After locating "GSTM2 Antibody in" in the listing below, copy that line and each one after it exactly, ending with the line that has "Reconstitution of patient".

··· RECORDS SUPPLIED

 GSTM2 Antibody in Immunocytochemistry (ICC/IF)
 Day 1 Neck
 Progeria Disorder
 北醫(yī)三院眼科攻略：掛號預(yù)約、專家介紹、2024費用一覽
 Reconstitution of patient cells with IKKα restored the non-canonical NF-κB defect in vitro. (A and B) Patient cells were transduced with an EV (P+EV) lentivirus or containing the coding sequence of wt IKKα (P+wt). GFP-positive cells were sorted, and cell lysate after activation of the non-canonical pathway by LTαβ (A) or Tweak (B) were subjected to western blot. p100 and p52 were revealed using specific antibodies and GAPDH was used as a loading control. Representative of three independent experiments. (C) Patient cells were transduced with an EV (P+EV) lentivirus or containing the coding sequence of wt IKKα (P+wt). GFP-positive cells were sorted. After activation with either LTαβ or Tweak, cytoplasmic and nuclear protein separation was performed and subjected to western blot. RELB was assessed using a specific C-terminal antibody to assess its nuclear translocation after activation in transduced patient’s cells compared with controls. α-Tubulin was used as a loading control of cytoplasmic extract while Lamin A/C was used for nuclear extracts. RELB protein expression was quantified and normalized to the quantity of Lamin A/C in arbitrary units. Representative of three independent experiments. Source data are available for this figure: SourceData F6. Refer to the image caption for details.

······
··· RECORDS SUPPLIED

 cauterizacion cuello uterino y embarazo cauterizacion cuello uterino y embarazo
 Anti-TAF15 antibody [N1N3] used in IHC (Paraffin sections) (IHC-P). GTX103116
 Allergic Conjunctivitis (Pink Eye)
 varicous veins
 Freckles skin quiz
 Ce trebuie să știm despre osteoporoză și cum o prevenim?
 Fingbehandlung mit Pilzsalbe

······

» RESULT OF THE EXERCISE:
 GSTM2 Antibody in Immunocytochemistry (ICC/IF)
 Day 1 Neck
 Progeria Disorder
 北醫(yī)三院眼科攻略：掛號預(yù)約、專家介紹、2024費用一覽
 Reconstitution of patient cells with IKKα restored the non-canonical NF-κB defect in vitro. (A and B) Patient cells were transduced with an EV (P+EV) lentivirus or containing the coding sequence of wt IKKα (P+wt). GFP-positive cells were sorted, and cell lysate after activation of the non-canonical pathway by LTαβ (A) or Tweak (B) were subjected to western blot. p100 and p52 were revealed using specific antibodies and GAPDH was used as a loading control. Representative of three independent experiments. (C) Patient cells were transduced with an EV (P+EV) lentivirus or containing the coding sequence of wt IKKα (P+wt). GFP-positive cells were sorted. After activation with either LTαβ or Tweak, cytoplasmic and nuclear protein separation was performed and subjected to western blot. RELB was assessed using a specific C-terminal antibody to assess its nuclear translocation after activation in transduced patient’s cells compared with controls. α-Tubulin was used as a loading control of cytoplasmic extract while Lamin A/C was used for nuclear extracts. RELB protein expression was quantified and normalized to the quantity of Lamin A/C in arbitrary units. Representative of three independent experiments. Source data are available for this figure: SourceData F6. Refer to the image caption for details.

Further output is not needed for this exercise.